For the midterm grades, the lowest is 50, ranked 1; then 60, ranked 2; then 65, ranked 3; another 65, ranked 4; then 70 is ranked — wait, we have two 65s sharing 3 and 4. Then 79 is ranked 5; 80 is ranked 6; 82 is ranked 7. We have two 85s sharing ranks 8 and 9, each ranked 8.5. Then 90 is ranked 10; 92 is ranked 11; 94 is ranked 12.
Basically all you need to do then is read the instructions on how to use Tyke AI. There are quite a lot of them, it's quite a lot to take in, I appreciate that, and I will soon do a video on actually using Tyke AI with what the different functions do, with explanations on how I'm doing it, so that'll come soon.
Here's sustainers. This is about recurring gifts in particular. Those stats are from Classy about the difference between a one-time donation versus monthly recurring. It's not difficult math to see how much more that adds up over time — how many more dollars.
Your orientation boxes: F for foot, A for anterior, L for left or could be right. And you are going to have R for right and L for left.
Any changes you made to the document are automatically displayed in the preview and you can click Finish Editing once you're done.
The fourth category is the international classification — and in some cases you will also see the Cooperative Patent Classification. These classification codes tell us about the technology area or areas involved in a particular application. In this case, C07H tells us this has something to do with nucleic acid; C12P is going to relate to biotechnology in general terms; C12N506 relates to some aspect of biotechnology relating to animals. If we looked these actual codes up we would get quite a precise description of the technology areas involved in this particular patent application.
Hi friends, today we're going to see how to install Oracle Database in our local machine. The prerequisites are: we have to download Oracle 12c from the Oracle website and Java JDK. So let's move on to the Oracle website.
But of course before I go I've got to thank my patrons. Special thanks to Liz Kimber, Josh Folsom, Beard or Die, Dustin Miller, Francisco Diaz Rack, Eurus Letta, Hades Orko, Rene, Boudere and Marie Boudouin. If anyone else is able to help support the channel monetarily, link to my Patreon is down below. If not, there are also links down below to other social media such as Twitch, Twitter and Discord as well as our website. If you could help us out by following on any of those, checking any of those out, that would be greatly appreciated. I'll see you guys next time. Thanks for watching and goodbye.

* **WORK TASK**
Go through the listing, find each line with the word "time", and copy it.

* **RESPONSE**
Here's sustainers. This is about recurring gifts in particular. Those stats are from Classy about the difference between a one-time donation versus monthly recurring. It's not difficult math to see how much more that adds up over time — how many more dollars.
But of course before I go I've got to thank my patrons. Special thanks to Liz Kimber, Josh Folsom, Beard or Die, Dustin Miller, Francisco Diaz Rack, Eurus Letta, Hades Orko, Rene, Boudere and Marie Boudouin. If anyone else is able to help support the channel monetarily, link to my Patreon is down below. If not, there are also links down below to other social media such as Twitch, Twitter and Discord as well as our website. If you could help us out by following on any of those, checking any of those out, that would be greatly appreciated. I'll see you guys next time. Thanks for watching and goodbye.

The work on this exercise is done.